14. On Tuesday, September 11, 2001, Survivor was cancelled. President George W. Bush’s face was plastered on every channel. Too young to understand terrorism and still relatively untouched by death, I lamented the cancelled show and fell asleep in a bitter rage.
15. I am not sure why I stopped feeding my lizard Ike. The crickets were hard to get, I claimed, and I was too young to drive to get them myself. The week before Ike starved to death I picked him up and carried him outside to sit with me in the sunlight. He scampered in circles as though he could catch his own tail and I laughed, unknowing, or perhaps refusing to believe I was driving the small creature to madness.
16. A short fictional scene has haunted me for years. It is only a few sentences, buried on page 278 in Stephen King’s The Stand, but it comes back to me sometimes when I shut my eyes. One of the characters won a white rabbit at a school raffle. He adored the rabbit at first but slowly lost interest. For two weeks, the creature’s existence entirely slipped his memory. When he rushed back to the shed, the smell of death greeted him for the first time. The rabbit’s fur was matted and eyes infested with maggots. The paws were bloody and gnawed down, and the kid is faced with the notion that in the final extremity of the rabbit’s hunger it had tried to eat itself.
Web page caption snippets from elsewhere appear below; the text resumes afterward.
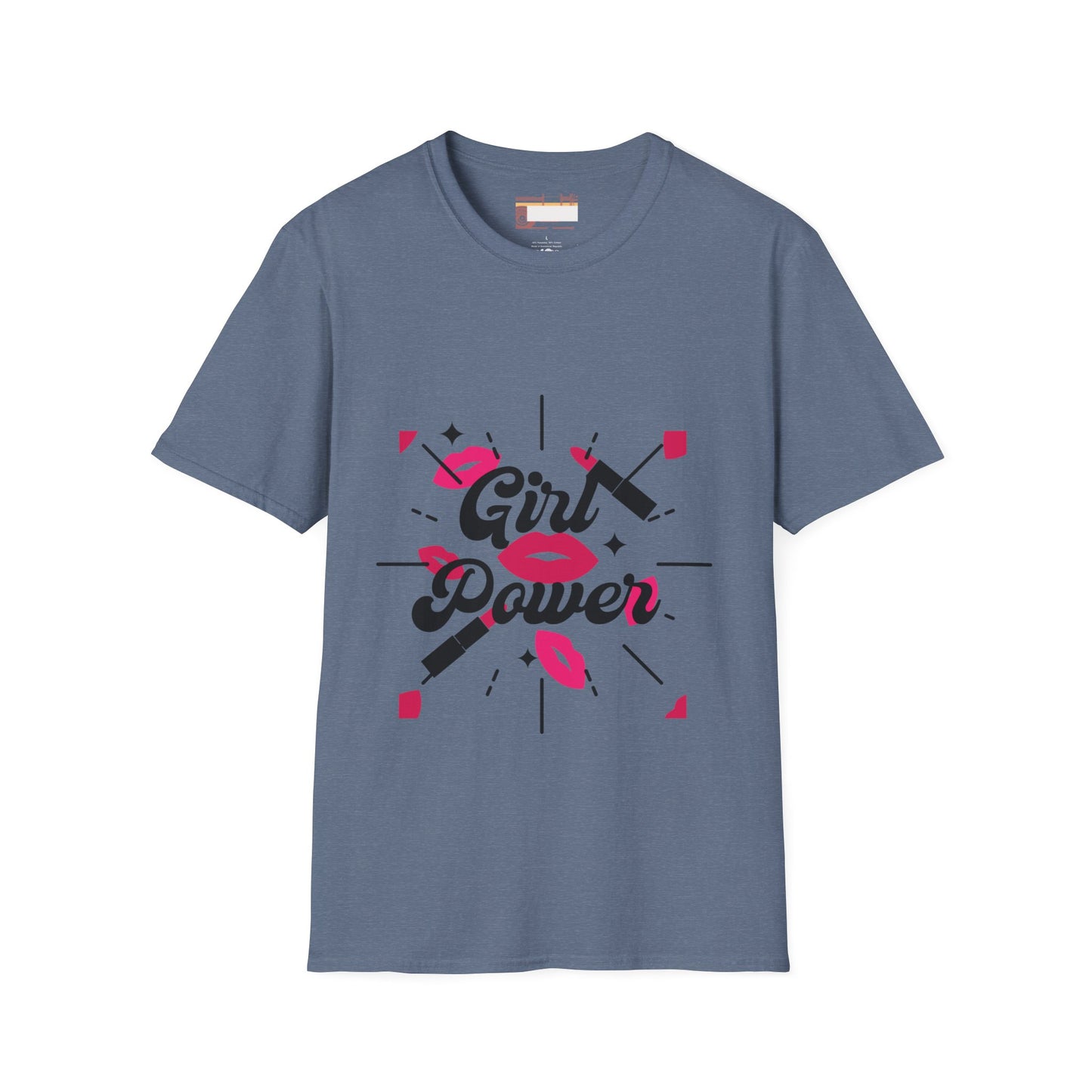 Vintage Designed Girls Power Support Comfort Unisex T-shirt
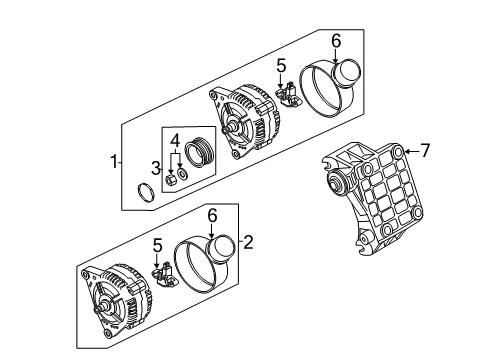 2009 Volkswagen Touareg Voltage Regulator Diagram for 077-903-803-D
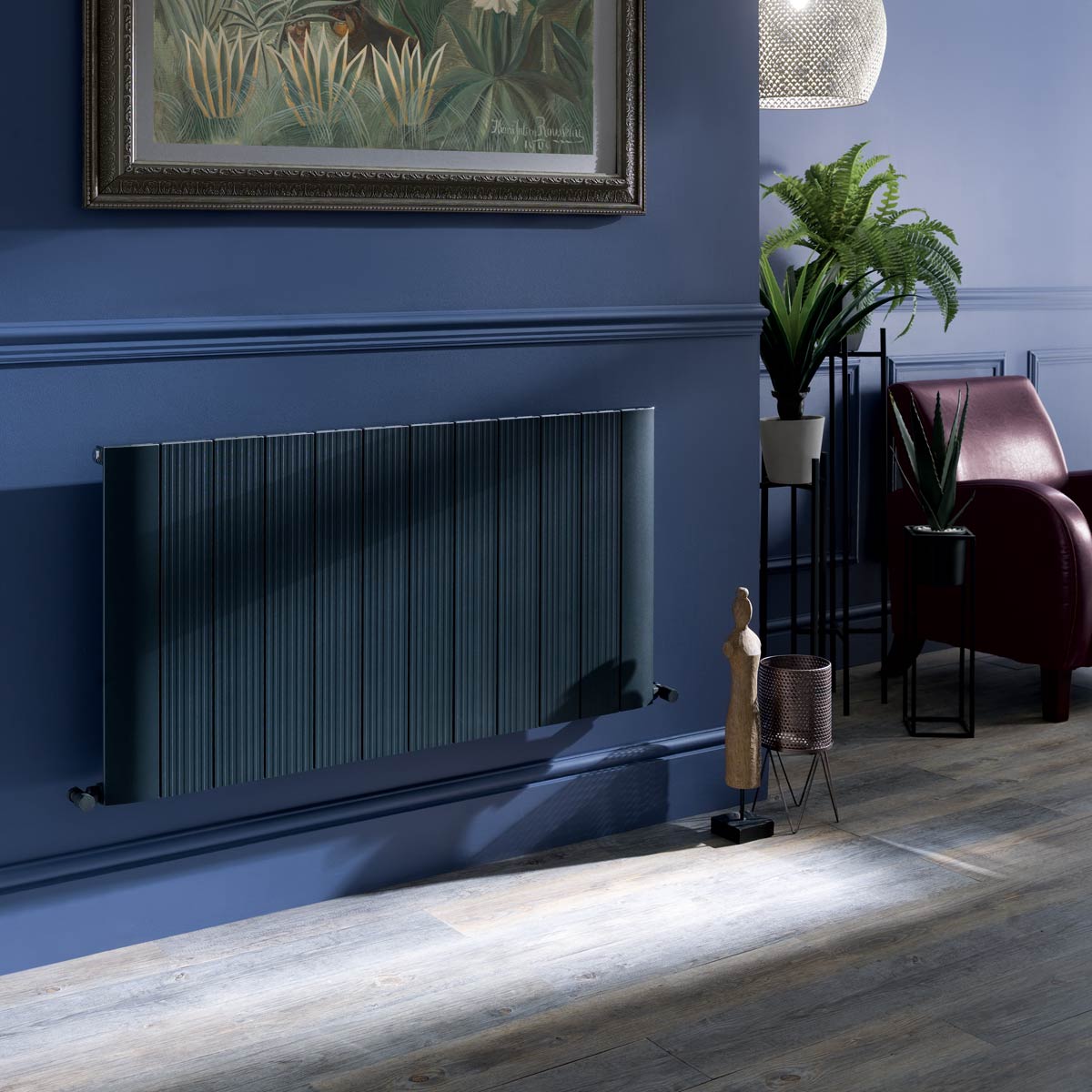 Rene Designer Single Radiator Anthracite 600 x 755mm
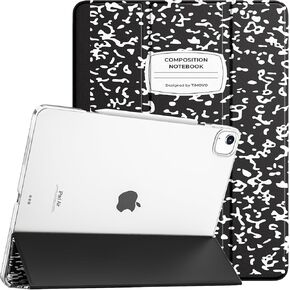 TiMOVO for iPad Air 13 Inch Case M2 2024, Slim Stand Cover for iPad Air 13-inch, Support Touch ID, Auto Wake/Sleep Smart Shell with Translucent Back, iPad Air 13 Case, Space Gray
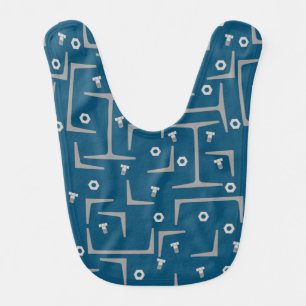 Structural Steel Pattern Baby Bib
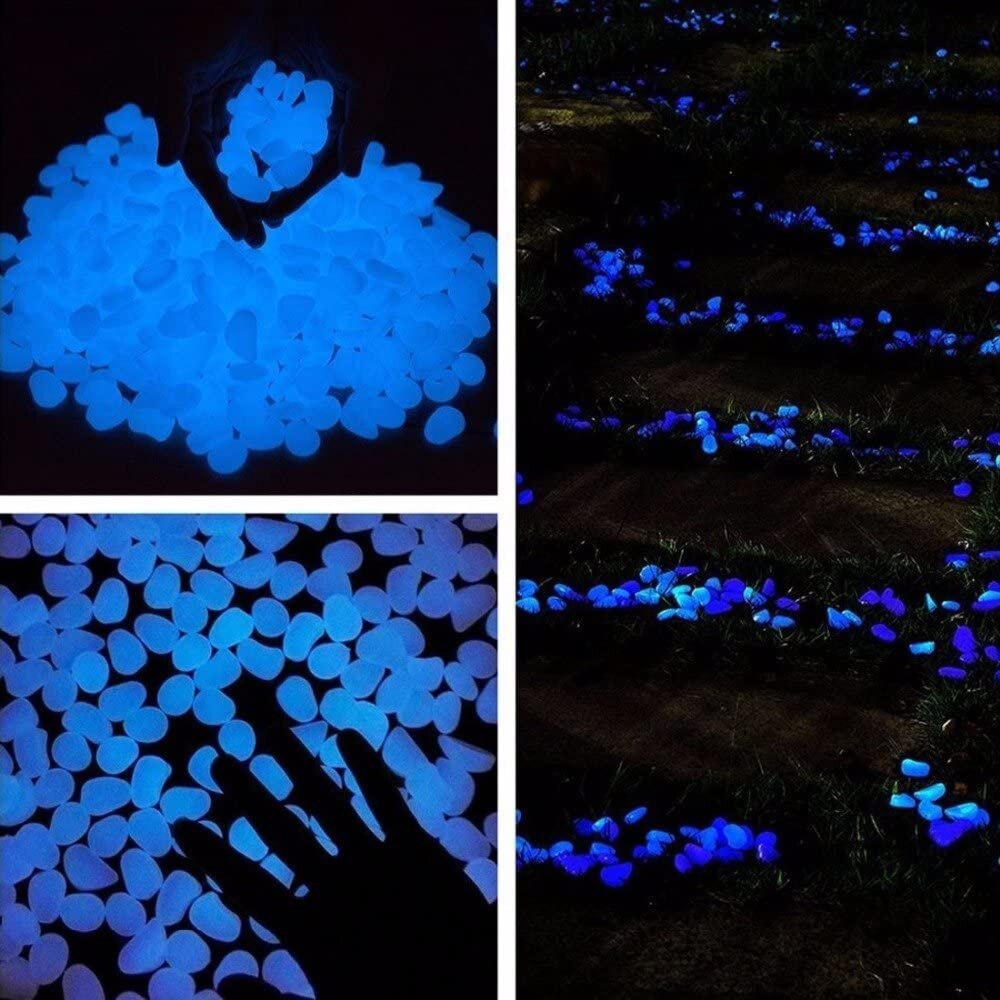 Fish Tank Rocks Glow Multi-Colored Glow in The Dark Pebbles for Fish Tank Aquarium Garden Plant Pots Bonsai Walkway Driveway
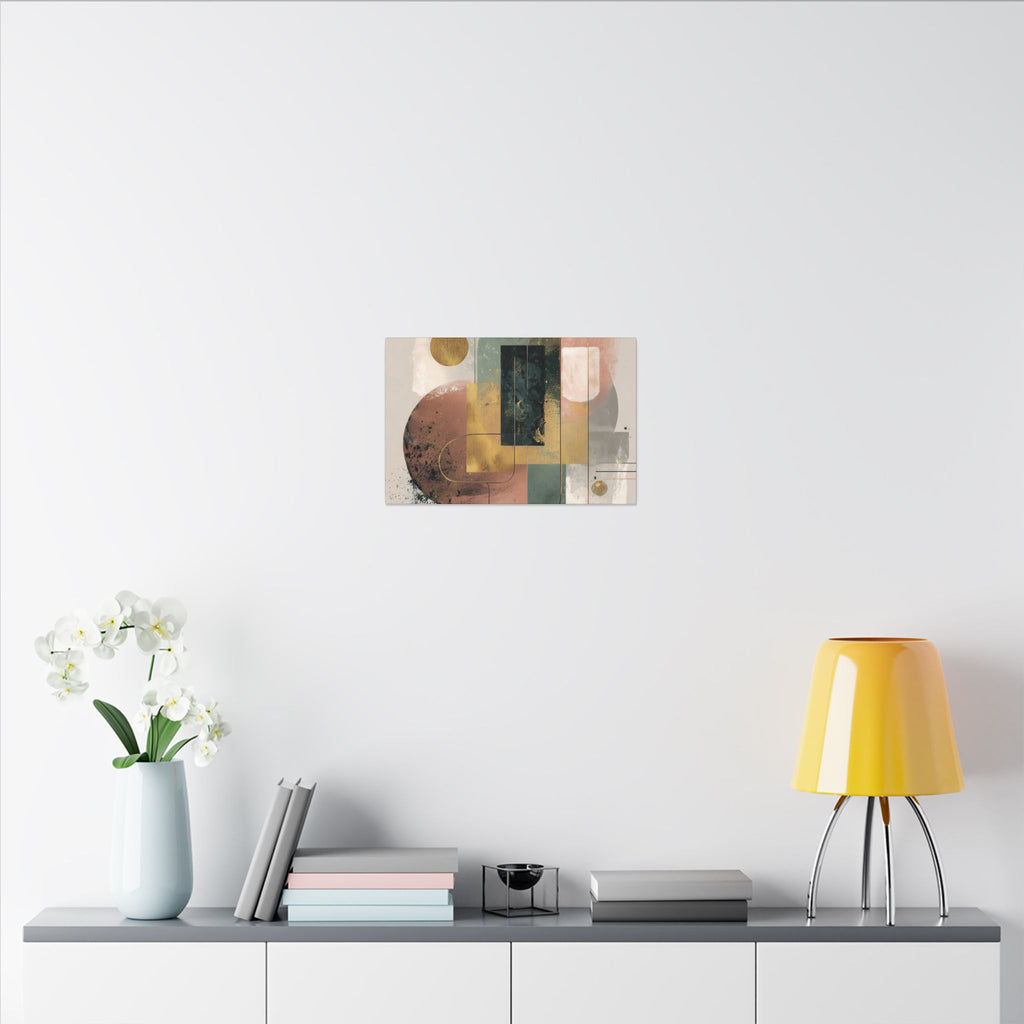 Geometric Harmony: Abstract Composition, Modernist Minimalism, Ethereal Design Layers   |   Custom Orders Accepted
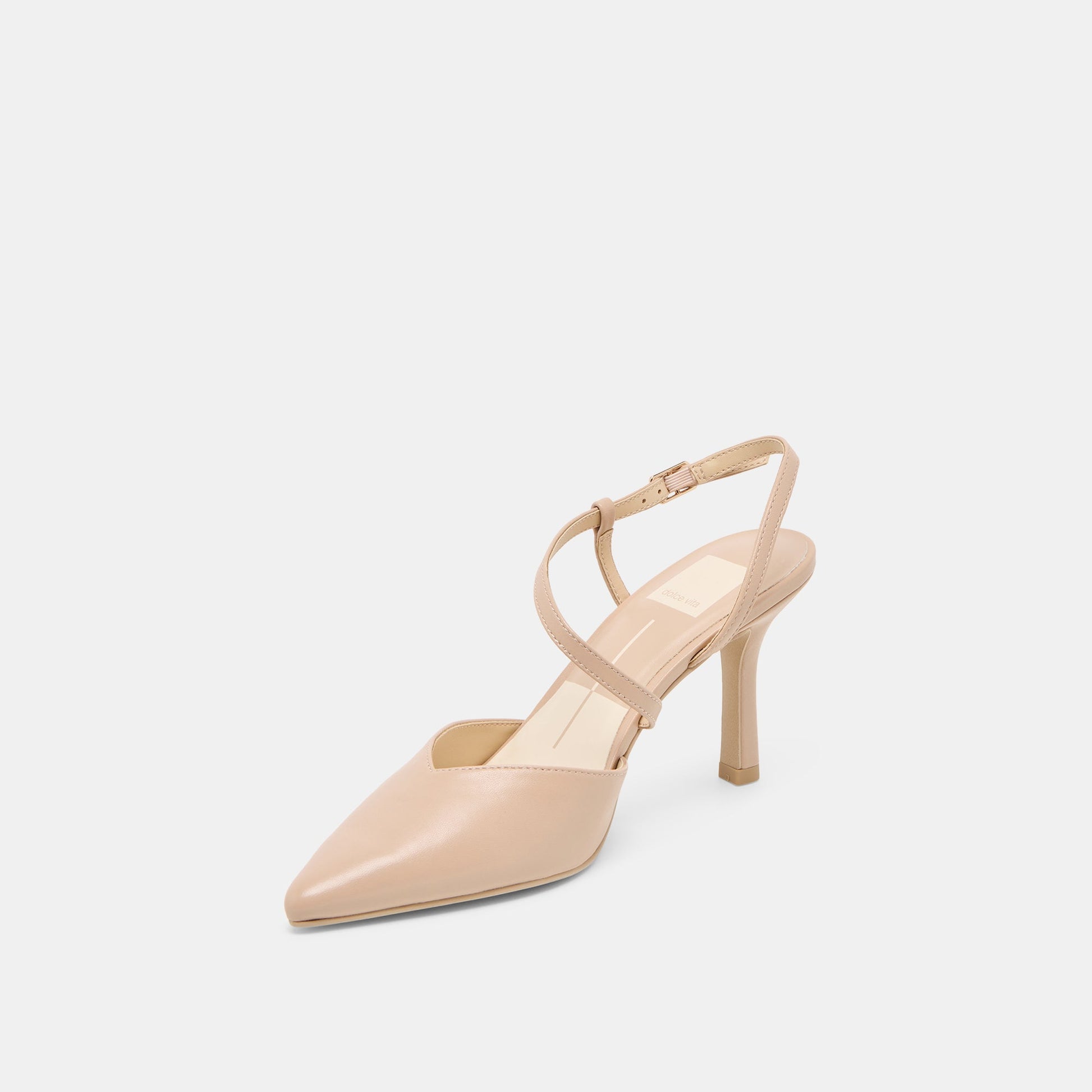 Dolce Vita Kamra Beige Leather Heels
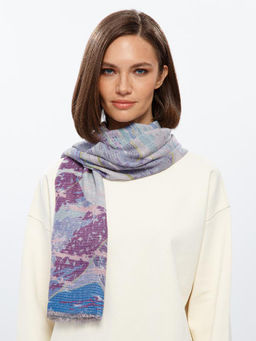 Палантин жен. шерсть+шелк+люр 70х180 S55-8260-09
17. Twice, I accidently released my lizard’s crickets into the house like God did the locusts. In the days to come, I found their carcasses in the strangest places: the foot of my bed, in the folds of my training bras, between the forks and the spoons. It was as if they had grown weary and dropped dead; as if they were only allotted a fixed number of minutes to live. The ones who survived sang to me at night, bodiless and guttural, from inside my bedroom walls.